American Apparel Outs Founder, CEO Dov Charney

American Apparel Chief Executive Dov Charney’s highly sexualized lifestyle has cost him the company he created — and may close it.

American Apparel Boots Founder, CEO Dov Charney

American Apparel (APP) outed its founder Dov Charney as chairman effective immediately and looking to fire him as CEO and president following the ongoing investigation into alleged misconduct.

The retailer suspended Charney on Wednesday pending “an ongoing investigation into alleged misconduct,” American Apparel said in a statement. A source familiar with the matter characterized the behavior as poor judgment and questionable conduct with women.

Charney, who has been repeatedly targeted in sexual harassment lawsuits, will be terminated for cause after a contractual 30-day cure period, the Los Angeles-based company said in a statement late on Wednesday.

The company, known for their provocative advertising and bright “Made-In-America” clothes, said it named CFO John Luttrell as interim chief executive as it works with a search firm to look for a permanent CEO. The company also appointed Allan Mayer and David Danziger as co-chairmen.

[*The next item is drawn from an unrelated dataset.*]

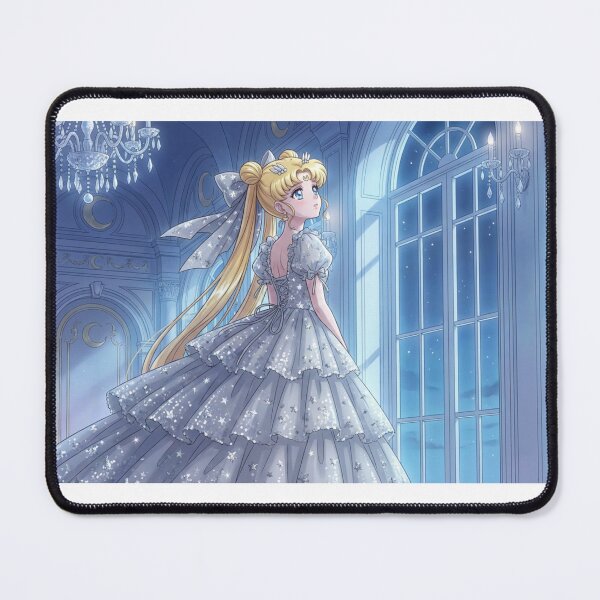 Item preview, Princess Serenity designed and sold by Solace Sparkles.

In 2011, a former employee had accused Charney of keeping her as a teenage sex slave, amid fear she might otherwise lose her job. She also sued American Apparel and its directors for failing to stop Charney from acting as a “sexual predator.”

The company, which is struggling with weak sales and heavy debt, said the management changes may have triggered a default under its credit agreements, adding that it will be in discussions with its lenders for a waiver of the default.

In 2013, American Apparel reported a net loss of $106.3 million, compared with a loss of $37.3 million in 2012. Facing a cash shortfall, the retailer in March sold $28.6 million of stock to meet debt payments.

The Charney termination could trigger defaults under credit agreements with Lion/Hollywood and Capital One Business Credit Corp.

As of March 31, American Apparel owed Lion/Hollywood $9.9 million, a loan that matures in 2018, according to filings.

American Apparel filed documents with the Securities and Exchange Commission saying that ousting Charney from the Los Angeles retailer’s top slot could trigger defaults on nearly $40 million in outstanding loans and force the company into bankruptcy.

In February the company had tapped restructuring advisers after it had reached $240 million in debt and had come close to breaching loan covenants, debt terms designed to protect its lenders, according a media report.

The company’s shares, which have lost more than two-thirds of their value over the past year, closed at 64 cents on the American Stock Exchange on Wednesday.

Private equity firms could start circling soon, analysts said. The company also may face lawsuits from creditors and shareholders who worry that Charney’s departure may hurt the company.